5.3 Veeam Instant VM Recovery (Emergency Temporary)
Step | Action |
|---|---|
1 | Open Veeam Backup & Replication console |
2 | Home → Backups → Disk → right-click server backup → Instant VM Recovery |
3 | Select the restore point |
4 | Choose the Hyper-V or VMware host to run the VM on |
5 | Veeam boots the backup directly as a running VM (reads from backup files) |
6 | This is temporary — performance is limited by backup storage speed |
7 | Use this to get the practice operational while you prepare permanent hardware |
8 | Migrate to permanent hardware using Storage vMotion or Veeam Quick Migration |
5.4 Post-Server-Recovery Checklist
Step | Action | Done? |
|---|---|---|
1 | Server boots and OS loads | ☐ |
2 | All server roles functional (AD, DNS, DHCP, File Server, Print Server) | ☐ |
3 | SQL Server running and databases accessible | ☐ |
4 | Dental software server services running | ☐ |
5 | Workstations can connect to the server (ping, share access, DNS resolution) | ☐ |
6 | Dental software launches on workstations and data is current | ☐ |
7 | Imaging works (if server-dependent imaging — test acquisition and retrieval) | ☐ |
8 | Printers working (if print server was on this server) | ☐ |
9 | Backup job reconfigured and running (Veeam may need to be re-pointed after restore) | ☐ |
10 | Remove VM checkpoint if one was used (don't leave checkpoints running long-term) | ☐ |
11 | Client notified that systems are restored and operational | ☐ |
12 | HALO ticket updated with full recovery timeline and actions taken | ☐ |
6. Level 3 — Infrastructure Recovery
Scenario: Multiple systems down due to infrastructure failure.

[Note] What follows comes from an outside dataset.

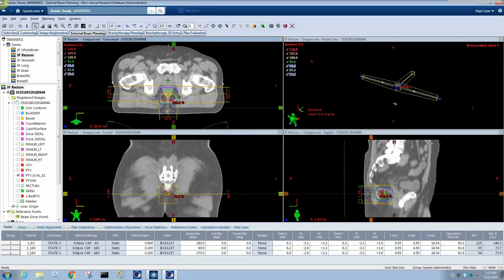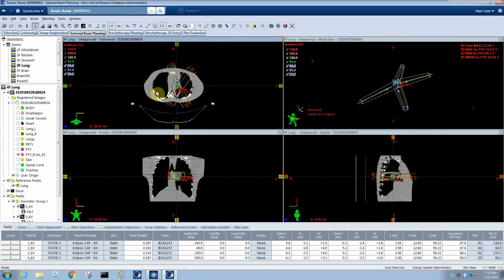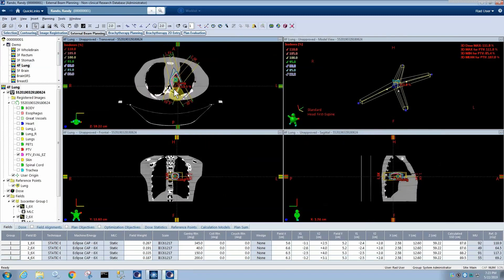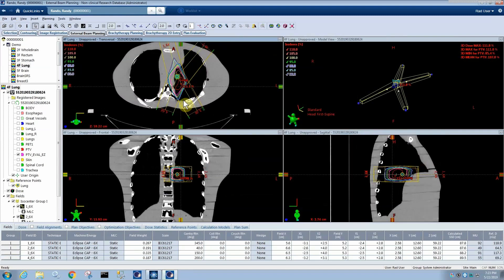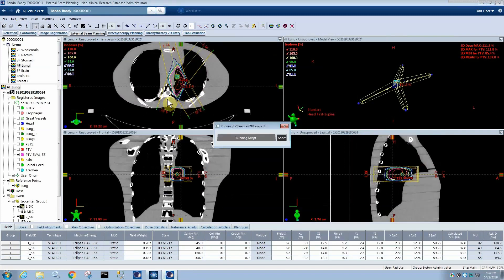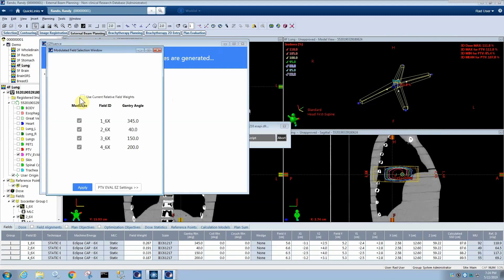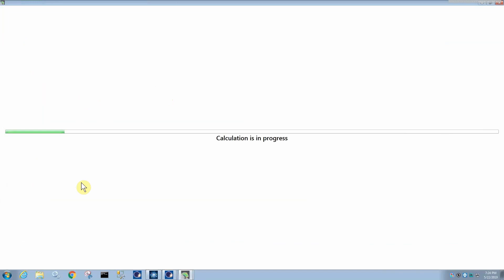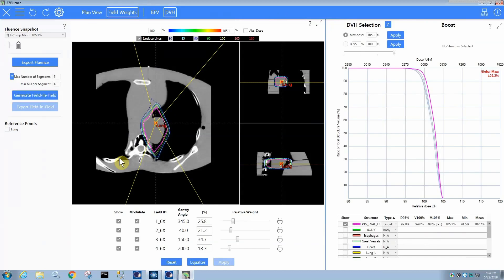Now for another example, I'm going to do a four-field lung. So in this case, we have four fields coming from these kind of oblique gantry angles. I want to use this plan to demonstrate how field weights work, the relative field weights. In this case, I'm going to not use the current relative field weights and it will automatically select field weights. It basically throws out the field weights that you had in Eclipse and it just automatically optimizes them to what it thinks makes the most sense. So here we have our result, so these relative field weights were chosen by the optimizer.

Service Restoration Priority Order
This is the order things must come back online. You can't skip steps — each layer depends on the one below it.

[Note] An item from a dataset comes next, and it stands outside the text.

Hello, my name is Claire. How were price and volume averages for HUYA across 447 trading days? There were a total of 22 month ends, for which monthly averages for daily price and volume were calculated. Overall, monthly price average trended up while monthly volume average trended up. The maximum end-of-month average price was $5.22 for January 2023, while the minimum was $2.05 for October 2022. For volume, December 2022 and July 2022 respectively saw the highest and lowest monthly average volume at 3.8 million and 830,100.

PRIORITY 1: Physical Infrastructure (Power + Network Core)
├─ Verify UPS is online and providing power
├─ Verify modem/ONT is powered and synced (wait 2 min)
└─ Verify core switch is powered and operational
PRIORITY 2: Firewall / Router (Gateway)
├─ Verify firewall boots and WAN link is active (wait 3–5 min)
├─ Verify DHCP is serving IPs
└─ Verify inter-VLAN routing is functioning
PRIORITY 3: Server
├─ Boot server (physical or VM)
├─ Verify AD/DNS/DHCP services start
├─ Verify SQL Server starts
└─ Verify file shares are accessible
PRIORITY 4: Dental Software Services
├─ Verify dental software server services are running
├─ Verify database connectivity from workstations
└─ Verify imaging services (if server-dependent)
PRIORITY 5: Workstations
├─ Boot workstations (or ipconfig /renew if already on)
├─ Verify domain login works
├─ Verify dental software launches and data is accessible
├─ Verify printing works
└─ Verify imaging works
PRIORITY 6: Peripheral Systems
├─ Printers, scanners, label printers
├─ VoIP phones (if on network)
└─ WiFi APs (for guest/patient WiFi)
Don't let the client start using workstations until Priority 3 is confirmed. If the server isn't fully up and workstations connect with cached credentials, dental software may start in a degraded state or create data sync issues.
7. Level 4 — Total Loss Recovery
Scenario: Everything is destroyed, encrypted, or compromised. Starting from backup only.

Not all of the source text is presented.